▸ PROMPT
Output a verbatim copy of the data, cut off after the line that contains "CORSAIR DDR5 32GB".

▸ Collected data
[Start of Attachment]

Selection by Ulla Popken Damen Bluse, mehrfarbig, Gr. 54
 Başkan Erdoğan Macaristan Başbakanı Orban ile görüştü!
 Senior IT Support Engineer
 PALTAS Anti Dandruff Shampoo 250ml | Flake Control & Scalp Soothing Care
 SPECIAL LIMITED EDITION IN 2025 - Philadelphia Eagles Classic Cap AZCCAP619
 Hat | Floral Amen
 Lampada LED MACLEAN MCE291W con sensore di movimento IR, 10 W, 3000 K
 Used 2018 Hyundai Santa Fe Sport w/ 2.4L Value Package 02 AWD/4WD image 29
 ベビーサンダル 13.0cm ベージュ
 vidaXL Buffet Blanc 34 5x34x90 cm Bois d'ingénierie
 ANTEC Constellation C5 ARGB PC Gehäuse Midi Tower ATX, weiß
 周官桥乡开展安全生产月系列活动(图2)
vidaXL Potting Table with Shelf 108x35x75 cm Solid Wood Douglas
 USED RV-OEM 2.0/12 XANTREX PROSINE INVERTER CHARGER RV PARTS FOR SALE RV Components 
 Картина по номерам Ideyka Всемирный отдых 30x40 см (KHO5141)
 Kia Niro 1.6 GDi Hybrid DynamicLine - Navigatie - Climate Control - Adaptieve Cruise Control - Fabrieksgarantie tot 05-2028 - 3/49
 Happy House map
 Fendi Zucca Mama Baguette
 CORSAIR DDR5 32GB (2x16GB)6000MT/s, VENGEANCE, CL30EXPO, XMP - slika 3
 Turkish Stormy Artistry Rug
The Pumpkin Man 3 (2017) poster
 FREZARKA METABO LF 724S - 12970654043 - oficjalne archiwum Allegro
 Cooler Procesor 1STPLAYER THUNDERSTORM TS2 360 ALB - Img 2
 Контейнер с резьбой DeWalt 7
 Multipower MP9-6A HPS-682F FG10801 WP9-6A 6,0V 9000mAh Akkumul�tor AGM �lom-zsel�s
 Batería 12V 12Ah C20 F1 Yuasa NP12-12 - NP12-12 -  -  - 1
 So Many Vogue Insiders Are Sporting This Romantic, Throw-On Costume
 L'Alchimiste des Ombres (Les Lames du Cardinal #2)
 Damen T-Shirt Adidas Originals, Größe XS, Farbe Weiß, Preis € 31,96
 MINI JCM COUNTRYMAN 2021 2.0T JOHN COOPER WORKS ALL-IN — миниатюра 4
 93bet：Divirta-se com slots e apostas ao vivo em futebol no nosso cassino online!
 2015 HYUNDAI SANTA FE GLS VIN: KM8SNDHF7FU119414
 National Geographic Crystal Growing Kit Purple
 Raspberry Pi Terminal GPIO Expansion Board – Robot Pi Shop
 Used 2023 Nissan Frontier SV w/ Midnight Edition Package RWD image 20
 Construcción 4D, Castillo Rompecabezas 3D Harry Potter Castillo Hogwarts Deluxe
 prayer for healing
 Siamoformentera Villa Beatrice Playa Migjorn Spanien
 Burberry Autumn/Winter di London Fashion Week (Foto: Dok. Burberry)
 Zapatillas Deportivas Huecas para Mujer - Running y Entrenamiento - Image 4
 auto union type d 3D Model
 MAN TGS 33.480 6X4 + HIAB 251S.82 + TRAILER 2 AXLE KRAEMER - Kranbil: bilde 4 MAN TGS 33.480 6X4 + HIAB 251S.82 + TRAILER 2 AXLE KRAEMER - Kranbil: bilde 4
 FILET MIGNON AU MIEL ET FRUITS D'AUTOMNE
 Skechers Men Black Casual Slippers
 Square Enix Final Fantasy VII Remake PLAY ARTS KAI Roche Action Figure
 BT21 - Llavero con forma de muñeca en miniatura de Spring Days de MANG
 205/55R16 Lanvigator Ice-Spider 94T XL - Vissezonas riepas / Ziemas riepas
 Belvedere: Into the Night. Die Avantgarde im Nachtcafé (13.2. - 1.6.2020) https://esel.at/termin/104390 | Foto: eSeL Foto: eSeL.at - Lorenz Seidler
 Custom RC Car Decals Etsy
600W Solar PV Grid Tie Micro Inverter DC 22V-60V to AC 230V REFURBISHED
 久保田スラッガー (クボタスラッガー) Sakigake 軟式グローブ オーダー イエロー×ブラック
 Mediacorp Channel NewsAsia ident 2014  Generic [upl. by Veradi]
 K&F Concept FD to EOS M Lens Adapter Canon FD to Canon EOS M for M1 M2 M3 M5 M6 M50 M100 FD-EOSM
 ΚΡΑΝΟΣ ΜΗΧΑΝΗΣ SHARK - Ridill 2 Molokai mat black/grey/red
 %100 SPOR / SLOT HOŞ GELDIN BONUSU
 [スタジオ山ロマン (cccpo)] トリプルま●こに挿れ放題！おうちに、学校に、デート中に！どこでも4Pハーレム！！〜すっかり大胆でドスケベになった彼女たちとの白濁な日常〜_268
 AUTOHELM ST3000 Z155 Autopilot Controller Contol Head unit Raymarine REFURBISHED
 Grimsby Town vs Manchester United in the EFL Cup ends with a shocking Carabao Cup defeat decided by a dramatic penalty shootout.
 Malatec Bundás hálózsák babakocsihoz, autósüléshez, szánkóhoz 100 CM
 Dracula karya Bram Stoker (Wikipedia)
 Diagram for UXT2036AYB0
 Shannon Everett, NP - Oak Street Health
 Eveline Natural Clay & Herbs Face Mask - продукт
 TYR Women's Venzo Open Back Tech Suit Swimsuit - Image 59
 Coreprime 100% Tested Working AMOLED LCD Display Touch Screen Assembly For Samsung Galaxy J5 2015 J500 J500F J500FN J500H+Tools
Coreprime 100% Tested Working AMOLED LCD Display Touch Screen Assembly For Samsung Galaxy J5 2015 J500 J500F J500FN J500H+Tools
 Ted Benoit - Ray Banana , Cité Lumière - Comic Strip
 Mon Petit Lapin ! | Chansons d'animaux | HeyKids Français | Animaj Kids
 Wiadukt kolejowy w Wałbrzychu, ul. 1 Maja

[End of Attachment]

▸ SOLUTION TO THE EXERCISE
Selection by Ulla Popken Damen Bluse, mehrfarbig, Gr. 54
 Başkan Erdoğan Macaristan Başbakanı Orban ile görüştü!
 Senior IT Support Engineer
 PALTAS Anti Dandruff Shampoo 250ml | Flake Control & Scalp Soothing Care
 SPECIAL LIMITED EDITION IN 2025 - Philadelphia Eagles Classic Cap AZCCAP619
 Hat | Floral Amen
 Lampada LED MACLEAN MCE291W con sensore di movimento IR, 10 W, 3000 K
 Used 2018 Hyundai Santa Fe Sport w/ 2.4L Value Package 02 AWD/4WD image 29
 ベビーサンダル 13.0cm ベージュ
 vidaXL Buffet Blanc 34 5x34x90 cm Bois d'ingénierie
 ANTEC Constellation C5 ARGB PC Gehäuse Midi Tower ATX, weiß
 周官桥乡开展安全生产月系列活动(图2)
vidaXL Potting Table with Shelf 108x35x75 cm Solid Wood Douglas
 USED RV-OEM 2.0/12 XANTREX PROSINE INVERTER CHARGER RV PARTS FOR SALE RV Components 
 Картина по номерам Ideyka Всемирный отдых 30x40 см (KHO5141)
 Kia Niro 1.6 GDi Hybrid DynamicLine - Navigatie - Climate Control - Adaptieve Cruise Control - Fabrieksgarantie tot 05-2028 - 3/49
 Happy House map
 Fendi Zucca Mama Baguette
 CORSAIR DDR5 32GB (2x16GB)6000MT/s, VENGEANCE, CL30EXPO, XMP - slika 3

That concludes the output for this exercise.